Was it a difficult decision? Absolutely. Instead of becoming the first in our family to earn a college degree, I'd be embarking on a vastly different sort of education, learning how to beat other people's brains in.
It was one thing to be an amateur fighter with the noble goal of representing your country in the Olympics. It would be quite another to harm other human beings, and risk ending their lives, for money.

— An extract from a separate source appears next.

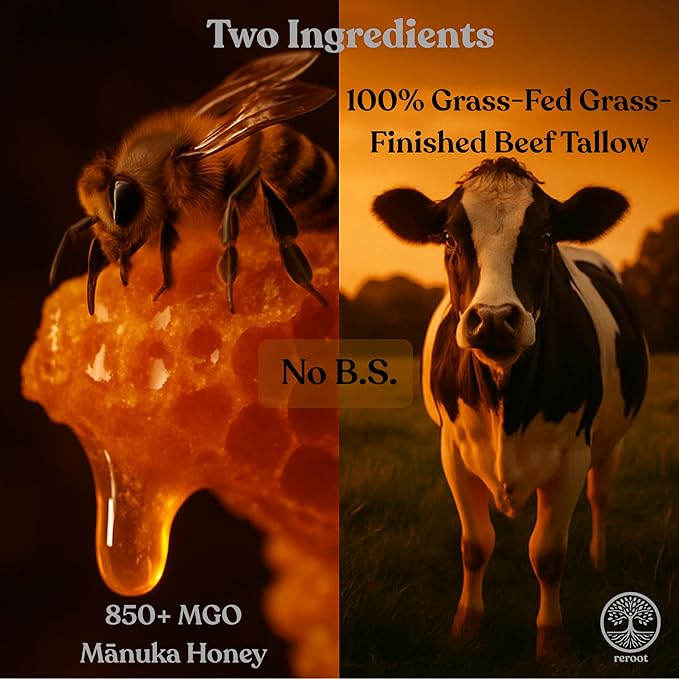 Manuka Honey Beef Tallow for Skin ~2 INGREDIENTS~ 100% Grass-Fed Tallow and Honey Balm - Whipped & UNSCENTED Tallow Face Moisturizer - Hydrating Tallow Balm for Men, Women, Kids & Babies (4oz)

Before making a final decision, I was invited, along with the other gold medalists, by the well-known boxing promoter Don King, to Yankee Stadium to attend the heavyweight title fight in late September between my hero, Ali, and one of his rivals, Ken Norton.
I couldn't accept quickly enough. Not only would I see Ali fight in person for the first time, I would be introduced to the crowd as the Olympic light welterweight champion. After being ignored at the D.C. intersection a few weeks earlier, my ego could use the boost. I went with Charlie Brotman, who saw an excellent opportunity to get my name out again in the public eye, whether I turned pro or not.
Ali was not the Ali from his early years as a pro, who dazzled opponents with his speed. He now relied on his will, typified by his struggle with Joe Frazier in the “Thrilla in Manila” in 1975. He lost to Norton back in 1973, when his jaw was broken, before narrowly beating him in their rematch six months later. The fight at Yankee Stadium was sure to be another one that could go either way.
In the end, Ali was very fortunate to exit the ring with his belt, and his faculties, still intact.
But that's not what I remember most about the evening. It's what took place before the bell rang.
Charlie and I were at ringside when Cosell motioned from a special box seat for us to come say hello. I was always honored to visit with Howard.
After we hung out for a while, we got off on the wrong floor on the way back to our seats and wound up in the stadium's basement. The door opened and a massive security guard gazed at us rather menacingly. For a second or two, I thought we might not see the fight after all. Thank goodness, the guard realized who I was, smiled, and politely asked if I might want to see “Muhammad.” Was he kidding? Of course I did, though I wondered: Why would Ali spend a second with me this close to the start of a championship fight? Didn't he need to focus every ounce of attention on the task at hand?